----- Records shown -----

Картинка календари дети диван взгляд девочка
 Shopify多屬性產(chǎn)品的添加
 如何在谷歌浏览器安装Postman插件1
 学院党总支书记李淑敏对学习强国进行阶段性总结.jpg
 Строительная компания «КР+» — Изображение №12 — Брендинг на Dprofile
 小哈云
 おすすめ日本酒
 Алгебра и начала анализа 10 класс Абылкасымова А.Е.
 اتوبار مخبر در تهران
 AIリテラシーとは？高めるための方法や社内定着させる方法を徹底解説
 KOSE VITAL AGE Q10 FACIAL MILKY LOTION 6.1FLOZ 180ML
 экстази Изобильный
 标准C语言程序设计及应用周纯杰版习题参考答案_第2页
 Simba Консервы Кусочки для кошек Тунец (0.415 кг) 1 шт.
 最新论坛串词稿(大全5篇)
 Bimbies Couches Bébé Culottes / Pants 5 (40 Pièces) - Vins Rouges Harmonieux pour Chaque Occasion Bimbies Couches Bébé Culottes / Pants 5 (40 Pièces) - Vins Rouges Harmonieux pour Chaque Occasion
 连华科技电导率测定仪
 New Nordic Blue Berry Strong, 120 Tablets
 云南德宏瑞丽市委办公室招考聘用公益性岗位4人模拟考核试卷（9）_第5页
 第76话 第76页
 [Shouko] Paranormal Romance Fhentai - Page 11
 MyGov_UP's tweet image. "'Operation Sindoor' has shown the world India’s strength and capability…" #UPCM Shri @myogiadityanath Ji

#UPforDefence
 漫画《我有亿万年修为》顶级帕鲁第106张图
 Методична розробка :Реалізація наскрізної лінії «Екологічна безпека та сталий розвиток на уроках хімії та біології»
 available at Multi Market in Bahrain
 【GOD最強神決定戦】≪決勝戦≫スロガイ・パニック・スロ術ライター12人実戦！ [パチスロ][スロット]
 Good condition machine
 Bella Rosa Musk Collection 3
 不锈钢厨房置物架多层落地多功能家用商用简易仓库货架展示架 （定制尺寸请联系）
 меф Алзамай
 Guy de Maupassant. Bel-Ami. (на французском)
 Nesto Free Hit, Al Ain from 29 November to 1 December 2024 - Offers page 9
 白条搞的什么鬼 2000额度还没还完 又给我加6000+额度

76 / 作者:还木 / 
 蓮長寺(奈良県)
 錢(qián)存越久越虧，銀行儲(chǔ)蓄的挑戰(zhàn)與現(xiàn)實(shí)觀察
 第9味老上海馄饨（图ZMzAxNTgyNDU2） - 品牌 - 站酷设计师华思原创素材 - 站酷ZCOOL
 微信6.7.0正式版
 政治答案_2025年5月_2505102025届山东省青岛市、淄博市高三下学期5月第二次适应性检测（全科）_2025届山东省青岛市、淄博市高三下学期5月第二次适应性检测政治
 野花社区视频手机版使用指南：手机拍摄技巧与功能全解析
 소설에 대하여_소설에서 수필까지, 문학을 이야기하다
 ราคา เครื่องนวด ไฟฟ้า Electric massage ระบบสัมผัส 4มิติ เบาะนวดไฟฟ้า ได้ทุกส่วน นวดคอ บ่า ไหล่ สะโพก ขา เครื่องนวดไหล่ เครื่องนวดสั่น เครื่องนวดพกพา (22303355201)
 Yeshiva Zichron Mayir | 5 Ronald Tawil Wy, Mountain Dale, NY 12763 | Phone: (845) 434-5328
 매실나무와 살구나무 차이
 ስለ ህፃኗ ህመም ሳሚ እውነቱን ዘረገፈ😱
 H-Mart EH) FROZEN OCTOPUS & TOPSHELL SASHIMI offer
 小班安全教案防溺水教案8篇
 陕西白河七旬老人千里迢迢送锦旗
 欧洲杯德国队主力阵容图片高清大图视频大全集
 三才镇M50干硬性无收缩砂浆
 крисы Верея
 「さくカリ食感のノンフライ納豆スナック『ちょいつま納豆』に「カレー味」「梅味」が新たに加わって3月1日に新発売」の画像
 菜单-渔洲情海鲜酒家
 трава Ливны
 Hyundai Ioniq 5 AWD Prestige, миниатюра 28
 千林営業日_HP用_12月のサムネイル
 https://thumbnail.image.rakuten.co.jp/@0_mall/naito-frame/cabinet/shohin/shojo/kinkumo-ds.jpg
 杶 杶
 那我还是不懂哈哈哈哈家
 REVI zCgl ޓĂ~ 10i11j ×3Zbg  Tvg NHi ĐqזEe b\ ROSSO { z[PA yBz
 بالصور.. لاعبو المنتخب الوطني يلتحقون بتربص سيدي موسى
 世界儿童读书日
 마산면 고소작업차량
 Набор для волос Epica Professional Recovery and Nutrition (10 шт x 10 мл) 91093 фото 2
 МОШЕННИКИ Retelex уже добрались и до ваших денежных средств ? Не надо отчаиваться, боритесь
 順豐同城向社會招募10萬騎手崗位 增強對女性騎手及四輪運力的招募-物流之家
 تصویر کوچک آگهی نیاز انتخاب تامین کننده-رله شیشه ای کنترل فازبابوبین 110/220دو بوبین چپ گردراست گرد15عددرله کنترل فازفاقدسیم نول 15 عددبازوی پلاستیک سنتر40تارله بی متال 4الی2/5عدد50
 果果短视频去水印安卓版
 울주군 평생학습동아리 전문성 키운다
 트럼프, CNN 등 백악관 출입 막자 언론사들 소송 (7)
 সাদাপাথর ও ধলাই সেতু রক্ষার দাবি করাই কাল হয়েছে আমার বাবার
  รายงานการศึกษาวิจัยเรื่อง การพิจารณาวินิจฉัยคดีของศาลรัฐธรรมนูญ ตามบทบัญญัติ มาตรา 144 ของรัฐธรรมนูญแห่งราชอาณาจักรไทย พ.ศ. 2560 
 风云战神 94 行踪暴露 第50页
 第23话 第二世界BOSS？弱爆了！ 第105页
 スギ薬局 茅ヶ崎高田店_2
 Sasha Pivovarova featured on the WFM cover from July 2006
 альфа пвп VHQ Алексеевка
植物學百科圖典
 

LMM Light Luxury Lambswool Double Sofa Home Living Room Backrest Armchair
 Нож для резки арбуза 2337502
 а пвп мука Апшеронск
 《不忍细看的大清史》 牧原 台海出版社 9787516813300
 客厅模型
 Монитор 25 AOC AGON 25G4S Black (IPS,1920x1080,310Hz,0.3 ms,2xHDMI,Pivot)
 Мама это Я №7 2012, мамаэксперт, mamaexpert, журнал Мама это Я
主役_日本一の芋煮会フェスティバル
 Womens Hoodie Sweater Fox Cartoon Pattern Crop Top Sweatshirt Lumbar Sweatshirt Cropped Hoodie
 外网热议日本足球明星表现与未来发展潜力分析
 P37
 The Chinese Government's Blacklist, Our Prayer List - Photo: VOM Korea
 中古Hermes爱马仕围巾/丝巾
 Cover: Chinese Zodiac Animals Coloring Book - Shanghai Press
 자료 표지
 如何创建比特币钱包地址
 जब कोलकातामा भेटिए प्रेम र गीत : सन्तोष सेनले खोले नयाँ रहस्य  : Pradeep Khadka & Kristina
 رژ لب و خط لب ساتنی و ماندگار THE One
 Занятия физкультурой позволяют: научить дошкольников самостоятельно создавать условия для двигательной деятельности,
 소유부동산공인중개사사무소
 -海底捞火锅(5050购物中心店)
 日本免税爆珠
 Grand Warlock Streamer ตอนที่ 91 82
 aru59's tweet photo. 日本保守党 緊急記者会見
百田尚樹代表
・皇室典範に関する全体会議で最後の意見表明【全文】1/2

-----

# [Exercise details]
Set down exactly the lines that begin the records and continue through the line bearing "AIリテラシーとは？高めるための方法や社内定着させる方法を徹底解説"; include both ends.

# [Solution]
Картинка календари дети диван взгляд девочка
 Shopify多屬性產(chǎn)品的添加
 如何在谷歌浏览器安装Postman插件1
 学院党总支书记李淑敏对学习强国进行阶段性总结.jpg
 Строительная компания «КР+» — Изображение №12 — Брендинг на Dprofile
 小哈云
 おすすめ日本酒
 Алгебра и начала анализа 10 класс Абылкасымова А.Е.
 اتوبار مخبر در تهران
 AIリテラシーとは？高めるための方法や社内定着させる方法を徹底解説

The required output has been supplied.